Son appareil photo est plus important que son baudrier, dit-il. Jon Griffith combine la photographie de montagne et l’alpinisme au milieu de son jardin granitique fétiche, le massif du mont Blanc…
Une interview exclusive pour Montagnes Reportages

Crédit photos : Jon Griffith

Montagnes Reportages : Tu es originaire d'où ?

Jon Griffith : Je suis né en Belgique mais je suis anglais. Ça fait maintenant neuf ans que je vis à Chamonix. Après l’université en Angleterre, je voulais prendre une année sabbatique et passer un an à Chamonix où j’étais déjà venu deux ou trois fois. Je voulais ensuite faire un vrai boulot à la maison. Finalement neuf ans plus tard je suis encore ici. C’est vraiment un endroit extraordinaire pour vivre, il y a des moments où c’est un petit peu chiant mais bon... c’est quand même assez incroyable Chamonix.


Comment es-tu venu à la photographie de montagne ?

J’habitais Londres. Toute ma famille et mes amis ne connaissaient pas la montagne et n’avaient aucune idée de ce que j’y faisais. C’était donc un moyen de ramener quelque chose pour leur faire voir ce que je vivais. Ils comprenaient mieux et pouvaient enfin visualiser car c’était impossible de leur dire avec des mots ce que je pouvais leur dire par une photo. C’est comme ça que j’ai commencé, ce n’était pas du tout professionnel. Pour moi, 50% du plaisir d’être en montagne, c’est de prendre des photos. Je suis d’ailleurs sorti en montagne une seule fois sans appareil photo lorsque je suis allé faire l’intégrale de Peuterey à la journée. J’étais épuisé et je l’avais oublié. L’appareil photo est plus important que mon baudrier ! La photographie n’est pas un boulot super difficile... la seule chose est qu’il faut se trouver une spécialité du fait qu’il n’y a pas trop de clients ni trop d’argent là-dedans.

Avec quel matériel photo travailles-tu ?

J’ai un 5D Mark III Canon et un Olympus E-M5 que j’utilise de temps en temps. Mais 85% de mes courses et même plus, j’utilise le Canon même quand je fais des choses « light and fast ».

Tes premières photos quand tu es arrivé à Chamonix avaient déjà comme sujet la haute montagne ?

Oui, il y a toujours eu de la haute montagne. En fait, j’ai commencé l’escalade en haute montagne et non pas en falaise comme beaucoup de personnes. Je n’ai pas commencé par du haut niveau, je faisais des 4000m en Suisse par les voies normales. Pour moi ça, c’était l’aventure alors que la falaise ça ne me disait pas trop. Ensuite j’ai progressé. J’étais toujours en haute montagne et mon appareil me suivait.
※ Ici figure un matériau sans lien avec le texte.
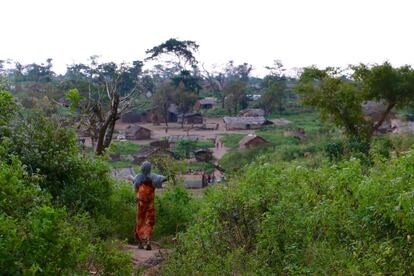 En muchas aldeas, como esta de Ndokayo (Camerún) las autoridades y comunidades locales ha cedido terreno a los recién llegados para que levanten sus casas sin pagar por el alquiler.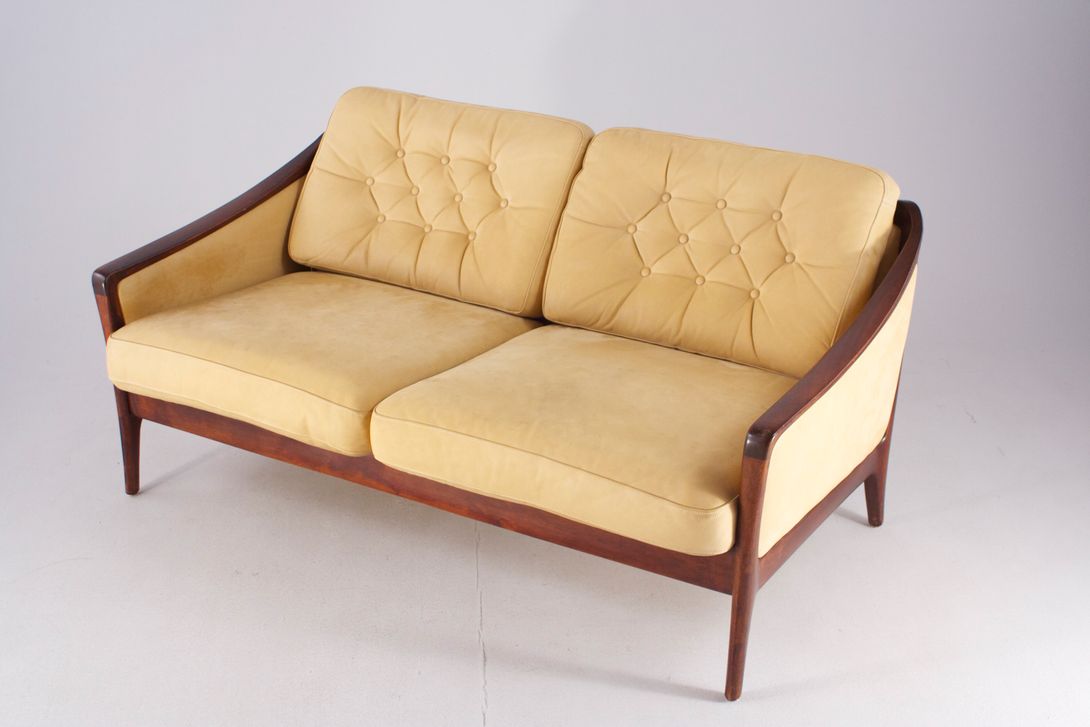 Foto Beige Leather Sofa With Dark Wooden Frame 1970 h150x85x74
Ce n’est pas trop difficile de grimper et faire des photos en même temps ?

Je prends facilement plus de cinq cents photos dans une voie. C’est hyper important pour moi de prendre des photos en montagne. Quand je grimpe, je cherche devant moi l’endroit où je vais me placer pour faire la prochaine photo, c’est déjà calé dans mon cerveau. Ce n’est pas du tout comme si à un certain moment je me dis qu’il faut que je prenne une photo, c’est différent. Chaque fois que je fais 100 ou 200m je sais exactement où sera prise la prochaine photo. C’est un peu comme quand tu fais une longueur et que tu te dis qu’à tel endroit tu vas faire un relais ; moi je monte et je me dis que là, je vais prendre une photo. Parfois la journée d’avant j’ai déjà tout calculé dans ma tête, voire même une semaine ou un mois avant pour certaines voies. La seule chose est qu’il faut sortir l’appareil photo !

Comment ça se passe concrètement dans la cordée ?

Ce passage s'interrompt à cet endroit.